He then called yet again for cycling to address its tainted past in a “collective and co-operative manner” through a truth and reconciliation hearing, adding that “if we don’t come together, have the conversation and draw a line in the sand and then move on, we’re all screwed”.

Armstrong’s comments came in the week of his legal team’s move to have the US government’s case against him dismissed. Team Lance’s argument for this to happen is twofold.

The first strut is the narrow statute of limitations argument that says that the case is now so old that it is no longer valid, an argument that does nothing to address Armstrong’s role as the most corrupt man in the history of sport.

The second strand of their case – and one that shows mind-boggling chutzpah – is effectively that the US government, which was Armstrong’s ultimate paymaster as owners of the US Postal Team for which he rode, either should have known he was a cheat, or did know but preferred to do nothing about his doping because it enjoyed the reflected glory.
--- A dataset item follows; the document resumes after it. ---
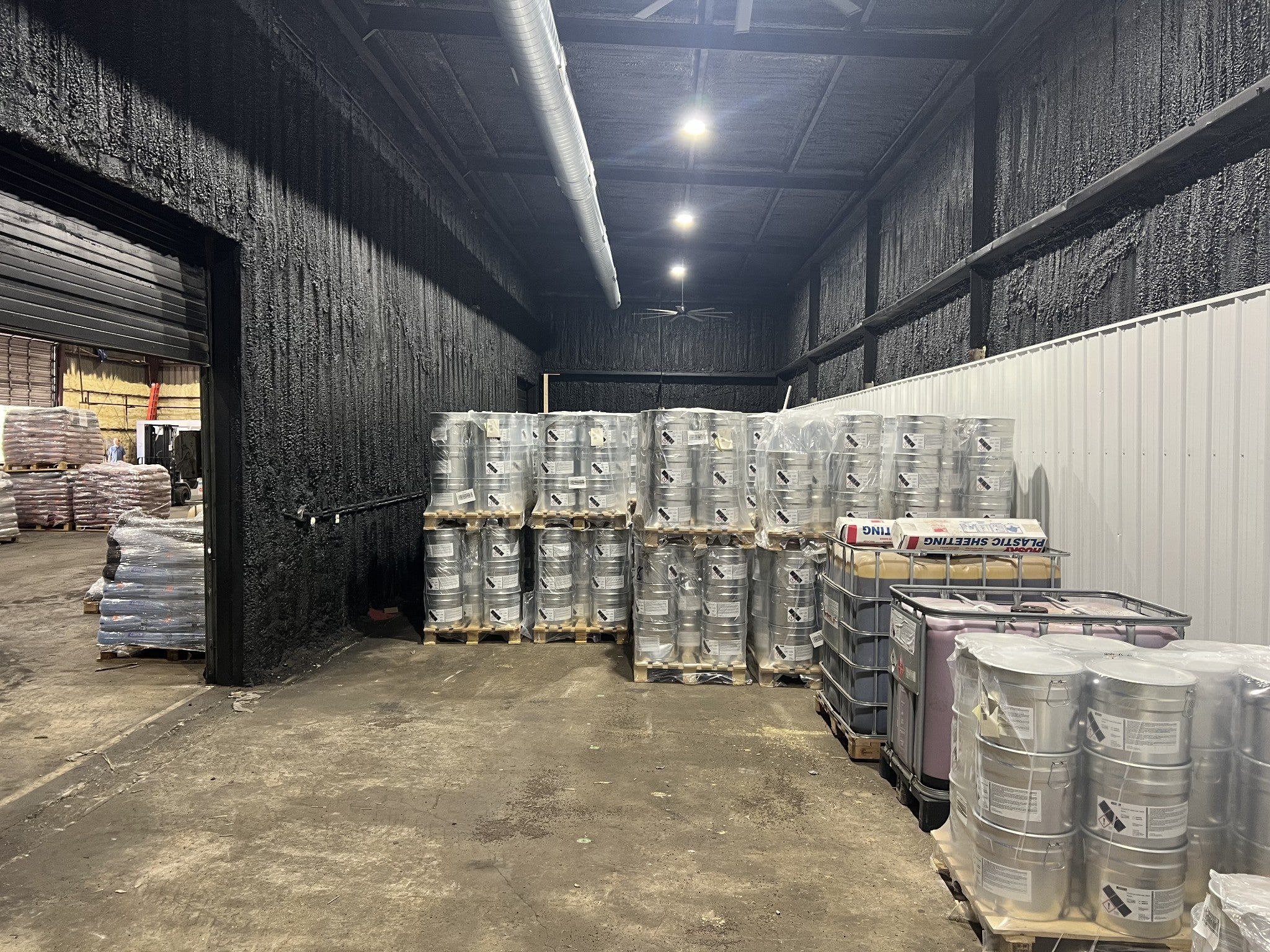 819 Industrial Rd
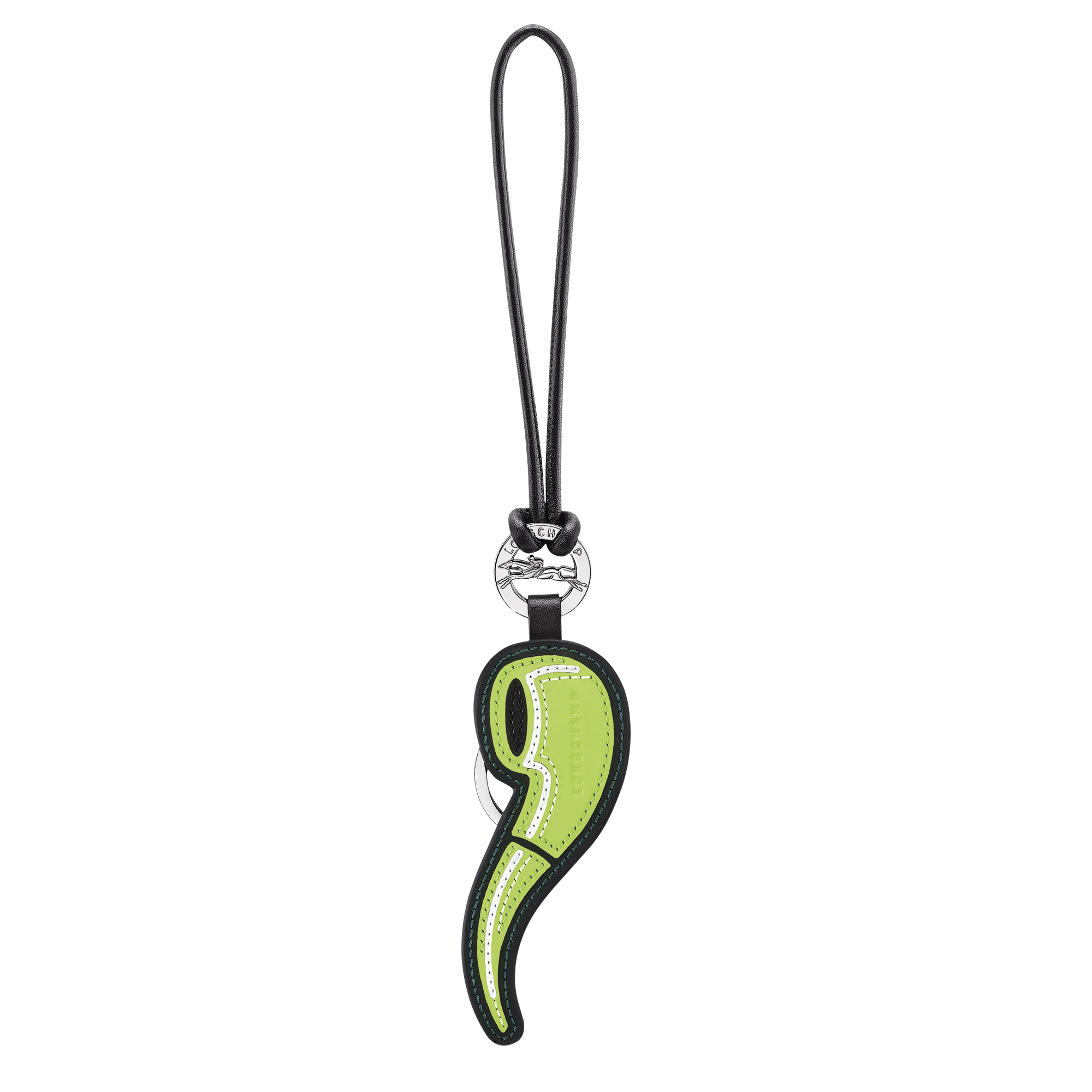 Porte-clés, Vert Lumière - Vue 1 de
1 - agrandir le zoom null Porte-clés, Vert Lumière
This is a concerted campaign by Armstrong to rewrite history, displace blame and escape due sanction. More to the point, contrary to all of his assertions that he “gets it”, his behaviour last week has proved yet again that he still does not appreciate the centrality of his role in bringing cycling to such a low ebb that Chris Froome had to endure fans waving inflatable syrginges at him on his incredible ascent of Mont Ventoux – one of the greatest Tour de France rides of all time – and then defend himself from barely-concealed implications that such excellence must mean that he is a drugs cheat.

Armstrong’s contention that he was just one of the boys is as laughable as it is offensive. He didn’t follow the pack, he led it. Cycling wasn’t clean when he joined it, but it was at his personal behest that it descended into the sporting sewer. It was Tour-winner Armstrong’s combination of blatant cheating and enforced omerta (code of silence) which was a game-changer for cycling.

No one stood a chance of competing with Armstrong without cheating, and they knew it. We will never know whether rivals and fellow drugs cheats such as Jan Ullrich and Marco Pantani, who died prematurely because of his drugs use, would have doped had Armstrong not been doping, even if we suspect that riders like O’Grady and David Millar would not have succumbed unless they were sure that it was the only way to remain competitive.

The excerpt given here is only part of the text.